In the race towards achieving computing supremacy, almost every tech corporation has been trying their hand at the extremely hyped-Quantum computers. But industry veterans IBM have come out with the fully-functioning Integrated Quantum Computing System geared for commercial use at CES (Consumer Electronics Show) 2019.

IBM claims to bring something to table which has been missing from most of the existing quantum computers in the world – Reliability. They managed to pull this off by building the device using their very own integrated systems.

“This is something IBM brings to the market that no one else really does. We know how to do integrated systems. The electronics for a quantum computer are not something you go buy off the shelf. You need a temperature controlled environment, you need to minimize the vibrations — anything that might disrupt the quantum calculations.” told IBM’s VP of quantum research, Bob Sutor in an interview with The Verge.

Here’s a quick run down on what exactly is all this. Quantum Computers work on the principle of superposition of Qubits (Q Bits). So what this means is, usually in conventional computers data is processed in the form of binary bits i.e 0 and 1. Meaning your inputs are either 0 or 1. But in Quantum computers, both the bits exist simultaneously, until measured. These computers leverage this concept by managing to make quantum matter exist in this superposition state, where it exists in either state at once. While one qubit wouldn’t seem powerful, a combination of qubits would improve the scope of these computers tremendously.

Consider a tradional computer in which you have 2 bits. The two bits together can take one single value out of a possible 4 values (00,10,01,11). But in Quantum computers, all the 4 values can exist simultaneously. And the number of possible values it can take increasing exponentially as the number of qubits (or bits) increases.

To puts things into perspective, the IBM Q System One is a 20 qubit processing computer. Meaning it essentially has 524,288 bits to handle the data and signals. And IBM has managed to package this highly intricate hardware into a gorgeous stainless steel cylinder suspended from the ceiling, all enclosed in a 9 x 9 ft glass cube.

The Q System One clearly looks like its a thing from the future


This new center will house some of the world’s most advanced cloud-based quantum computing systems, which will be accessible to members of the IBM Q Network, a worldwide community of leading Fortune 500 companies, startups, academic institutions, and national research labs working with IBM to advance quantum computing and explore practical applications for business and science.

IBM News Room

Argonne National Laboratory, CERN, ExxonMobil, Fermilab, and Lawrence Berkeley National Laboratory are some of the latest additions to the Q Network.

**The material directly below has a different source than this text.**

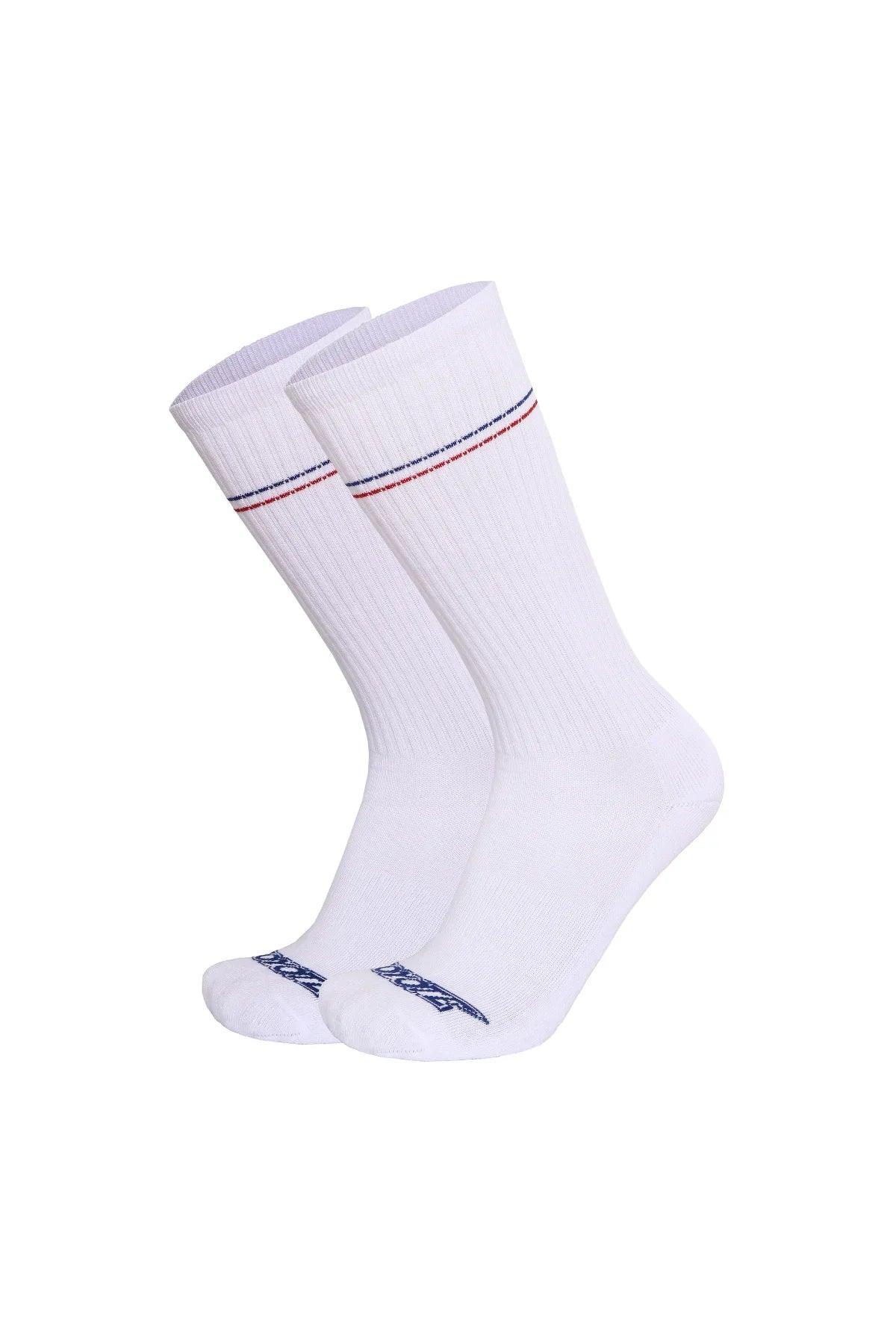 White varsity crew socks with red and blue stripes, ribbed texture, athletic style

IBM’s Q Quantum Computation Centre will soon be opened in Poughkeepsie, New York. This Centre will house the Q System One and organizations will be able to harness the power of these quantum computers on a pay per use basis. This new technology which has so far been available only within the confines of a lab could now be a real game changer in several fields such as Drug Delivery, Materials, Stock Market, Scientific Simulations.